From the start Maryll was reminded by her mother-in-law, Lucie, who is still president of Lanvin's couture division, that she could no longer pursue a modeling career and must dress only in Lanvins. "But," explains Maryll, "the clothes were too bourgeois."
Since her marriage Maryll has honed her designing skills working alongside Jules-François Crahay, whose first design for Lanvin was her wedding gown. Last year Crahay amicably handed over the ready-to-wear line to his eager pupil. (The house designer for 19 years, Crahay will continue with Lanvin's haute couture line.)
No longer under Crahay's protective wing, Maryll was edgy and high-strung last March when she showed her collection of short sarong skirts, plaid bloomers and bat-winged tunic sweaters to critics and jet-set friends gathered under a tent in a courtyard at the Louvre. Afterward, exhausted by the months of nerve-racking preparation, she suffered a brief bout of depression. Of her debut one insider said, "Maryll is definitely bringing a young look to Lanvin. But she is still feeling her way. She hasn't developed a real style yet." Maybe not, but orders for her less stodgy but definitely high-priced line have poured in from stores across the United States, including Saks, Bonwit's, Sakowitz in Houston and Elizabeth Arden in Palm Beach.

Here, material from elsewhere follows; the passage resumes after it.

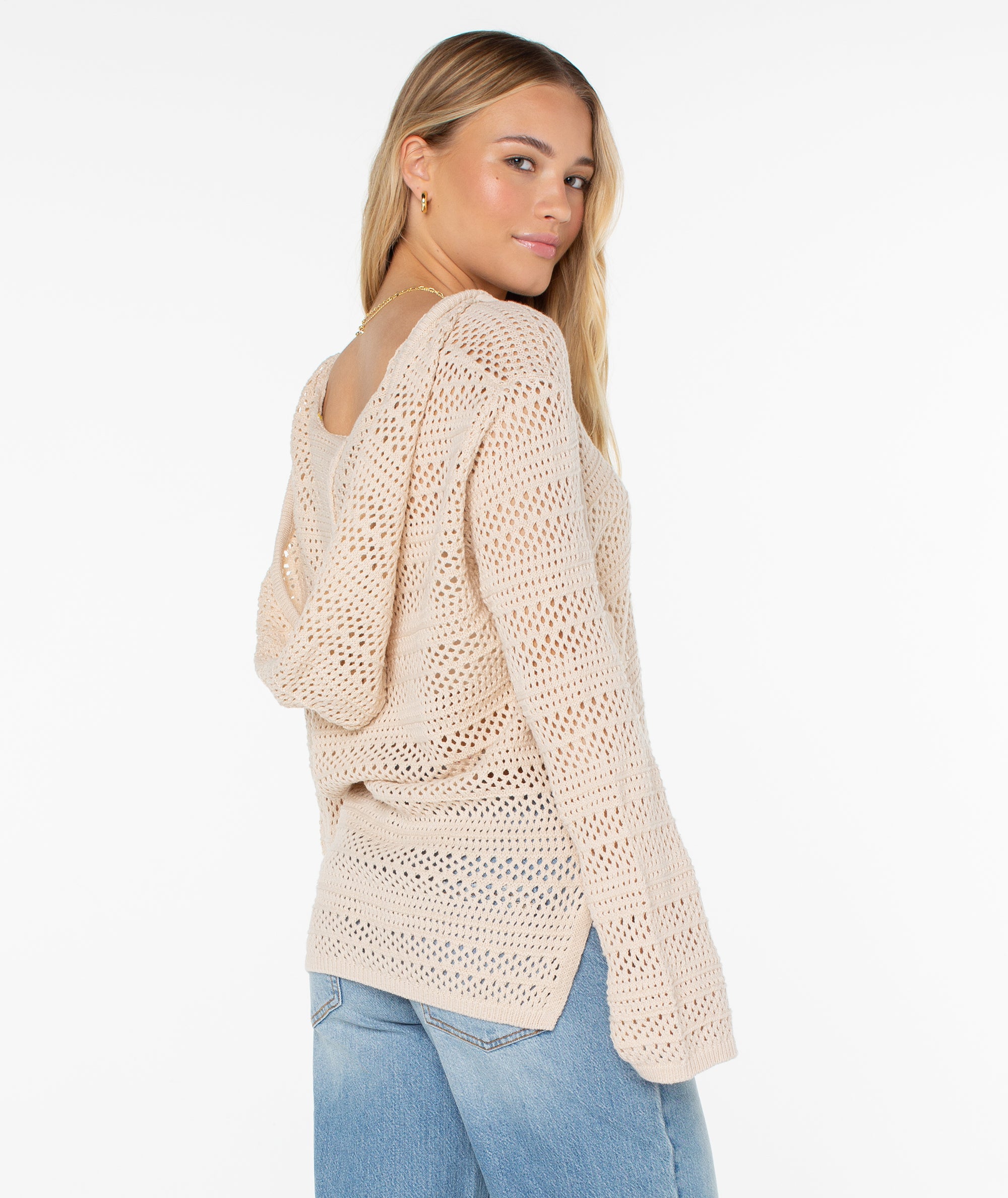 Hippie Love Sweater - ROXY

Meanwhile Bernard has been promoting the firm's fragrances in the U.S. He just returned from a swift six-city tour. "I feel the need to do what I'm doing," says Bernard. "Sitting in an ivory tower is not my idea of management."
To get away from the pressures of running a family business, the Lanvins spend weekends with sons Jean-Yves, 16, and Hubert, 13, at their 17th-century Chateau de Bouglainval, an hour west of Paris. But even in this fairy-tale setting, Maryll and Bernard end up talking shop. "Before, I was a woman who was never satisfied," says Maryll. "Now Bernard helps and encourages me." Nods Bernard: "I'm Maryll's prince consort. I want her to be the star of fashion."